The Protein Data Bank (PDB)#

The Protein Data Bank is a public repository for experimental and computational chemists to publish results of protein-protein, protein-ligand, and isolated compound structure results. The database boasts over 213,221 experimentally derived structures, and 1,068,577 Computed Structure Models (CSM). Various API and toolings have been created to directly download from the server in batch processes, and some advanced commands for extracting specific groups of PDB IDs.
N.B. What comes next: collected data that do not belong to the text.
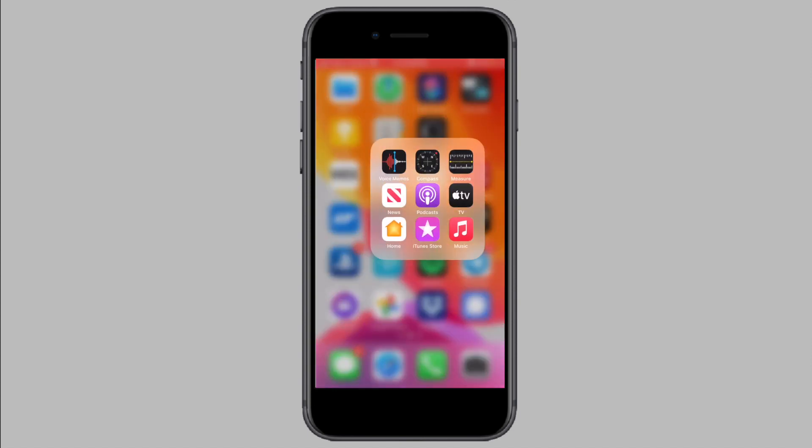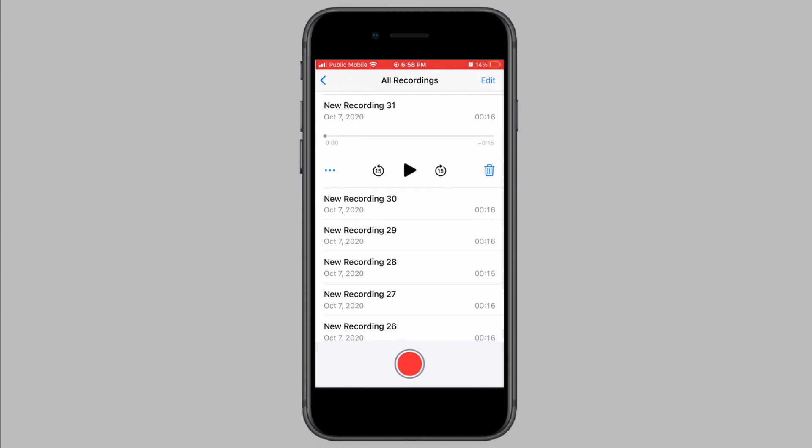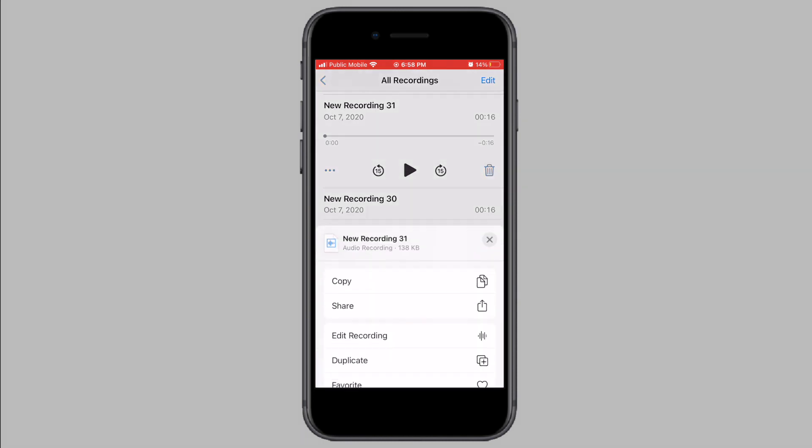First, open the voice memos app on your iPhone and then tap on the voice memo you want to transfer to your computer. You can only transfer them one at a time. Next tap on the three line icon and then tap on share.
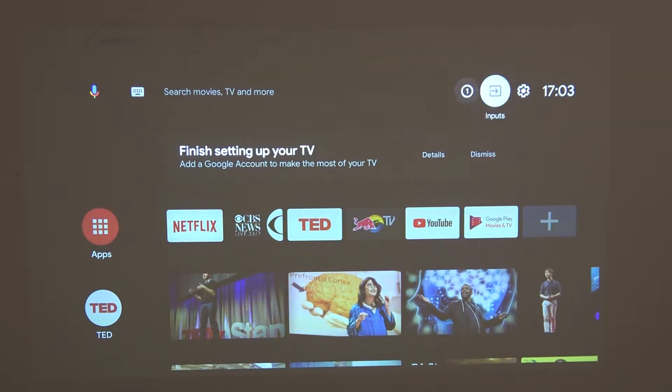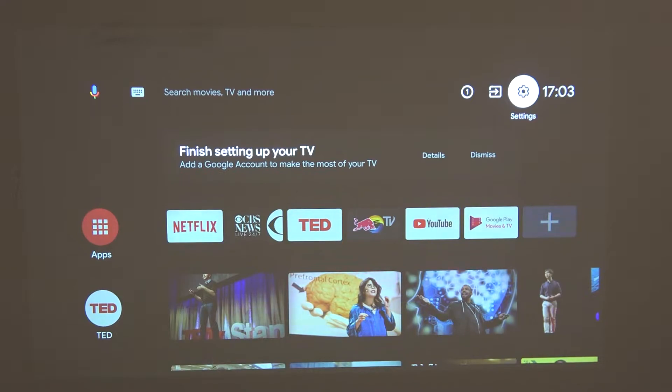So in order to do that we'll need to navigate in the top right corner of our screen which is the settings button.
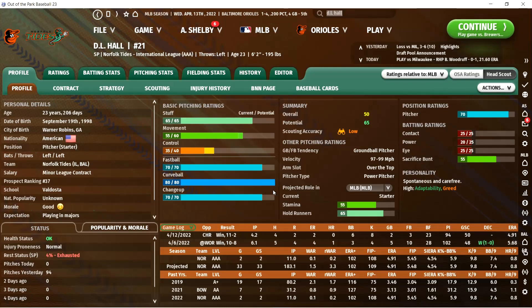We'll get to the pitches in a second. You've got your other pitching ratings over here: ground ball to fly ball tendency. I obviously prefer ground ball or extreme ground ball pitchers, because ground balls can't leave the yard. Extreme ground ball is even better. Velocity I don't pay a ton of attention to — I prefer high velocity, but it's all kind of wrapped up in a lot of these things. Arm slot I really do not pay much attention to. Pitcher type is not something I pay much attention to either — I don't think it's critical.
Given its size, diversity in chemistry, and experimental validity, pruning techniques are often used to select what are seen as the optimal samples for the model problem at hand. Derived from the original PDB depositions, separate databases have been curated and maintained with supplemental information, or fully extracted for future academic use.
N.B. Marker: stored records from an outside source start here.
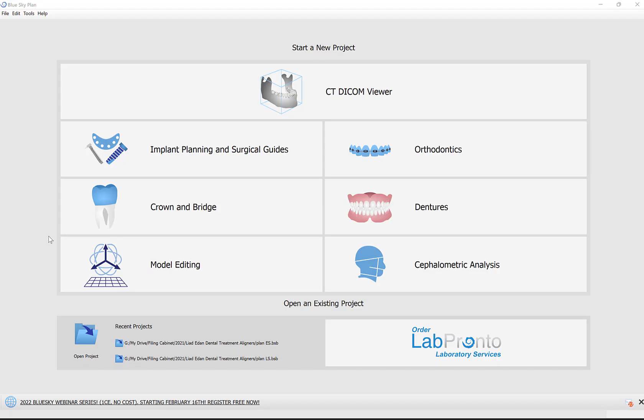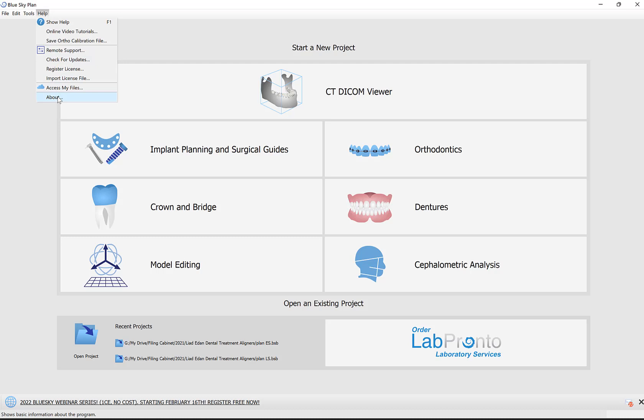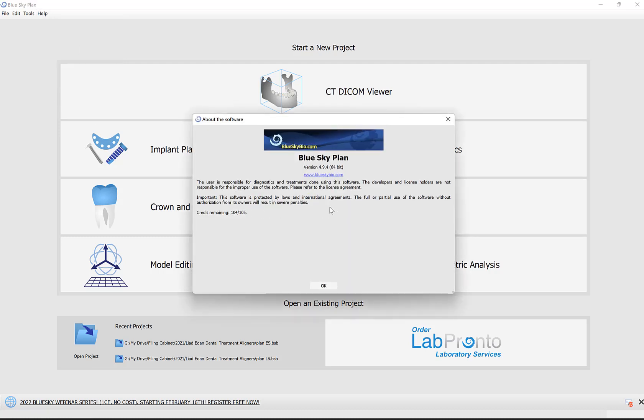Hello everyone, this is Michael from Blue Sky Bio. In this training tutorial, I'm going to demonstrate how to create a crown for a titanium sky-based abutment. I'm using version 494 of the Blue Sky Plan software.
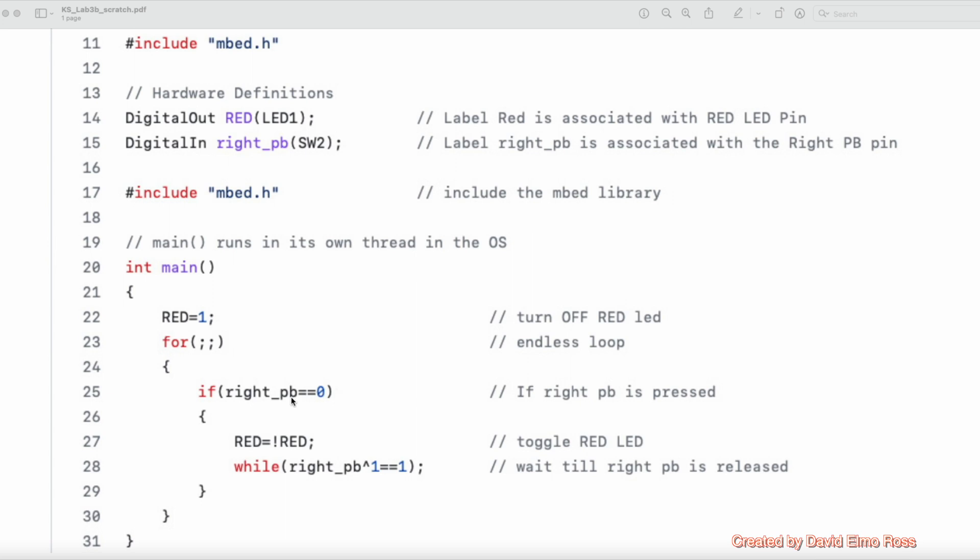So if you see here, basically, when you press the push button, it's still going to be pressed when it hits this statement here. And this right_pb is going to be 0, 0 exclusive or with 1 is going to give you 1. So this is like a while(1) statement, as long as your finger is still pushing the push button.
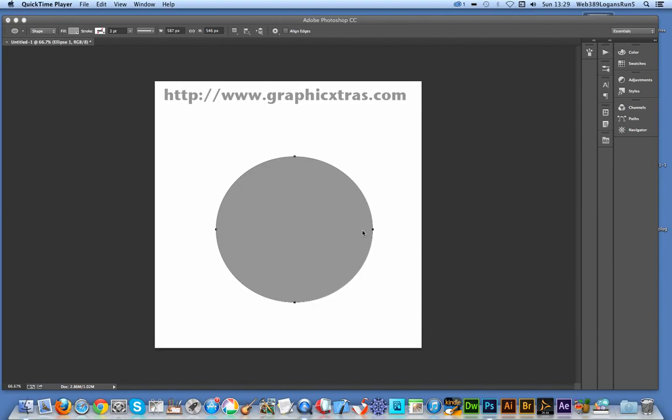Now if you use Illustrator it would be very easy to add multiple paths. You just use the appearance palette. Unfortunately it doesn't seem to be a feature like the appearance palette and it would be a wonderful feature in Photoshop if that was added, but sadly you can't.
PoseBusters Benchmark [Buttenschoen et al., 2023]#

The PoseBusters Benchmark set is a new set of 308 carefully-selected publicly-available crystal complexes from the PDB. It is a diverse set of recent high-quality protein-ligand complexes which contain drug-like molecules. It only contains complexes released since 2021 and therefore does not contain any complexes present in the PDBbind General Set v2020 used to train many of the methods.

The Docking Benchmark 5.5 (DB5.5) [Vreven et al., 2015]#

Docking Benchmark 5.5 (DB5.5) [Vreven et al., 2015] is an updated and integrated version of a widely utilized protein–protein docking and binding affinity benchmark. This benchmark comprises non-redundant, high-quality structures of protein–protein complexes along with the unbound structures of their components. The update includes the addition of 55 new protein–protein complexes, of which 35 have experimentally measured binding affinities, resulting in a total of 230 entries for the docking benchmark and 179 entries for the affinity benchmark.
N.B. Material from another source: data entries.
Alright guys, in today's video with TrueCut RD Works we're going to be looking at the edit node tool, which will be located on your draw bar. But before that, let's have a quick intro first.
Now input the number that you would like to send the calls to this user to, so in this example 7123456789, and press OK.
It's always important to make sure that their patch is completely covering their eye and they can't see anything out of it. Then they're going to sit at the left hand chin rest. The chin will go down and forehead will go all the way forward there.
The composition of DB5.5 includes 55 new cases added to the docking benchmark, representing a 31% increase over the previous version, and 35 of these cases include experimental affinities that contribute to a 24% increase in the affinity benchmark. The inclusion of cases with multiple binding modes further enriches the benchmark.

The benchmark construction process involves collecting new structures from the Protein Data Bank (PDB) using a semi-automatic pipeline. The inclusion criteria ensure high-quality complexes, and sequence-based pruning is applied to prevent cross-contamination between training and test sets. The DB5.5 dataset is considered a gold standard for protein interface prediction, providing a diverse set of examples, including enzyme-inhibitor and antibody-antigen interactions.

Database of Interacting Protein Structures (DIPS) [Townshend et al., 2019]#

Database of Interacting Protein Structures (DIPS) [Townshend et al., 2019] is constructed to address limitations in existing structural biology tasks, particularly in predicting protein interactions. The dataset is two orders of magnitude larger than previous datasets, aiming to explore whether performance can be enhanced by utilizing large repositories of tangentially related structural data.

DIPS is built by mining the Protein Data Bank (PDB) for pairs of interacting proteins, yielding a dataset of 42,826 binary complexes. To ensure data quality, complexes are selected based on specific criteria, including a buried surface area of ≥ 500 Å2, solved using X-ray crystallography or cryo-electron microscopy at better than 3.5 Å resolution, containing protein chains longer than 50 amino acids, and being the first model in a structure.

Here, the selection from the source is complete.